Warwick Analytics has been featured on Data Science Central discussing how ‘Data Scientists need Designer Labels Too’.
When we want to understand what people believe or perceive, we do it by analysing their communication either written or spoken. Let’s say we’re wanting to analyse voice of customer text data.
The classical way to approach this is text mining based on keywords and rules to drive topic analysis e.g. using TFIDF or some other kind of ‘vectorization’, and sentiment analysis of the opinion terms.
Thankfully this no longer needs to be the case thanks to the latest technologies. Imagine a world where AI-based labelling and machine learning for text is cheap and plentiful, where data scientists are not required to tune and drive models.

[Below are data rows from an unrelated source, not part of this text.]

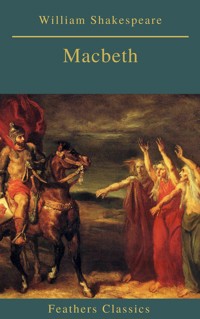 Macbeth (Best Navigation, Active TOC)(Feathers Classics) - William Shakespeare - ebook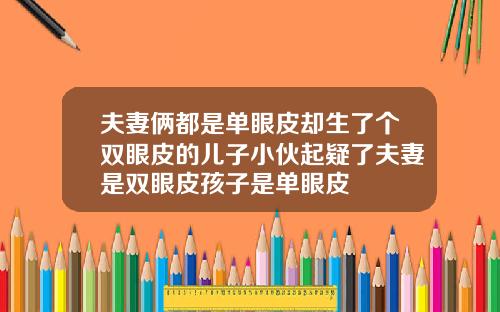 夫妻俩都是单眼皮却生了个双眼皮的儿子小伙起疑了夫妻是双眼皮孩子是单眼皮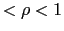 $\displaystyle <\rho<1$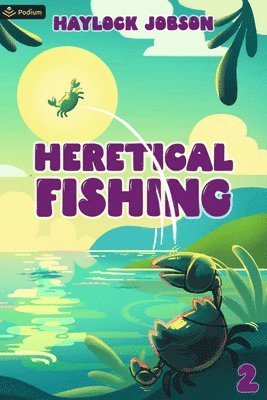 bokomslag Heretical Fishing 2: A Cozy Guide to Annoying the Cults, Outsmarting the Fish, and Alienating Oneself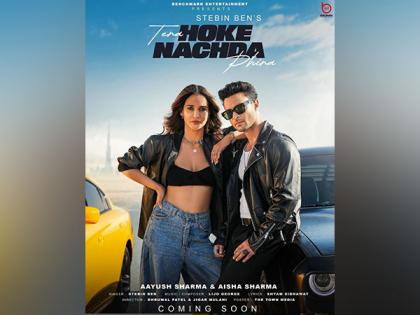Aayush Sharma, Aisha Sharma's dance track 'Tera Hoke Nachda Phira' poster unveiled | Aayush Sharma, Aisha Sharma's dance track 'Tera Hoke Nachda Phira' poster unveiled Aayush Sharma, Aisha Sharma's dance track 'Tera Hoke Nachda Phira' poster unveiled | Aayush Sharma, Aisha Sharma's dance track 'Tera Hoke Nachda Phira' poster unveiled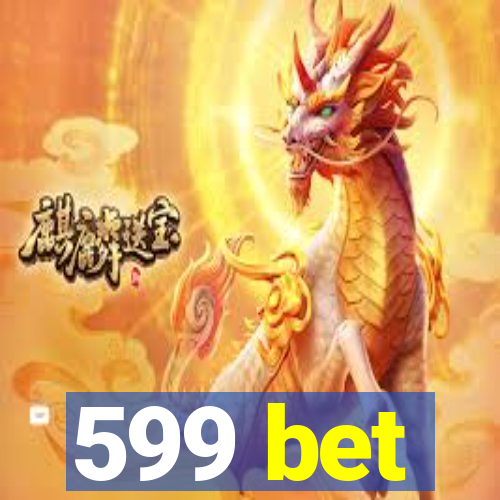 599 bet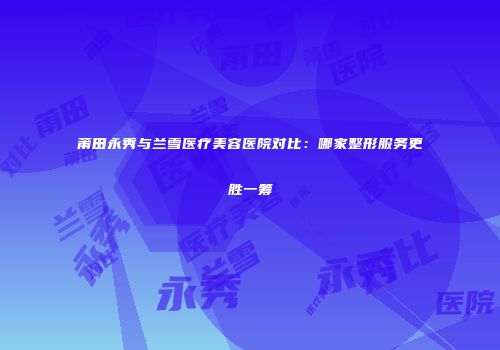 莆田永秀与兰雪医疗美容医院对比：哪家整形服务更胜一筹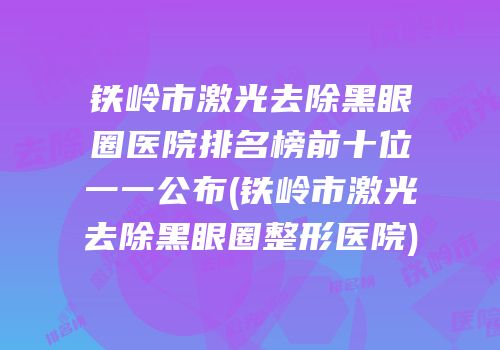 铁岭市激光去除黑眼圈医院排名榜前十位一一公布(铁岭市激光去除黑眼圈整形医院)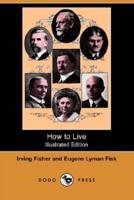 How to Live (Illustrated Edition) (Dodo Press)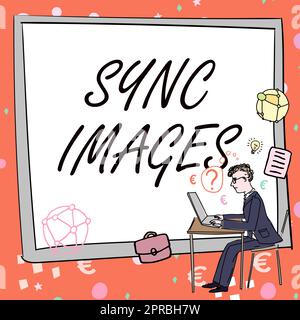 Conceptual display Sync Images. Business showcase Making photos identical in all devices Accessible anywhere Man working on computer representing successful business strategy creation. Stock Photo
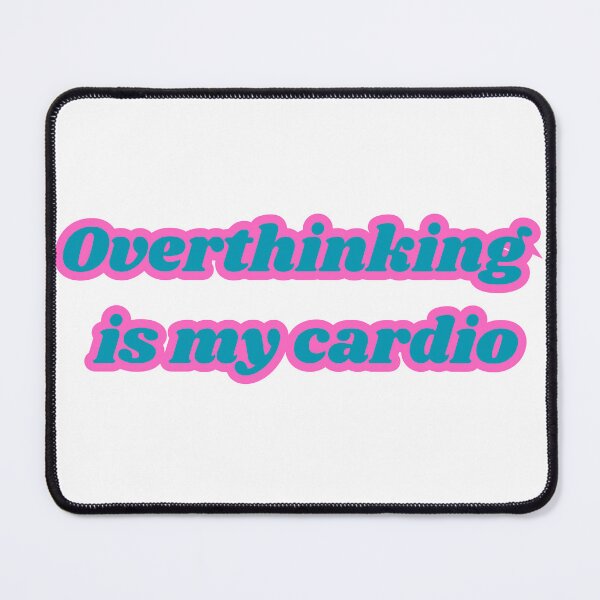 Item preview, Overthinking Is My Cardio - Funny Y2K Anxiety Quote designed and sold by NotYourClub.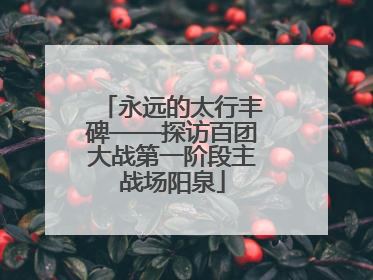 永远的太行丰碑——探访百团大战第一阶段主战场阳泉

There are issues here. Firstly, what are we supposed to do with all the topics? If we build a word cloud how useful is that? If they use synonyms which aren’t in a dictionary, do we group these together in advance? We are essentially trying to second-guess and group terms, which might not match the intentions of the customers, or be different for different situations. Things for sentiment analysis are even more dissonant and we haven’t begun to explore the technical challenges with sarcasm, context, comparators and double negatives which all perform very poorly in such analyses.
So how else are we meant to analyse text data, apart from painfully compiling dictionaries and constant manual checking? Well, say hello to the wonderful world of labels. The labels being referred here are generated from machine learning i.e. by replicating human judgment based on a training sample of manually labelled data. The machine doesn’t need to be told keywords, it figures out common patterns which might be a lot more than single keywords, and might include where they are in the sentence and whether they are nouns or verbs, just as a human might.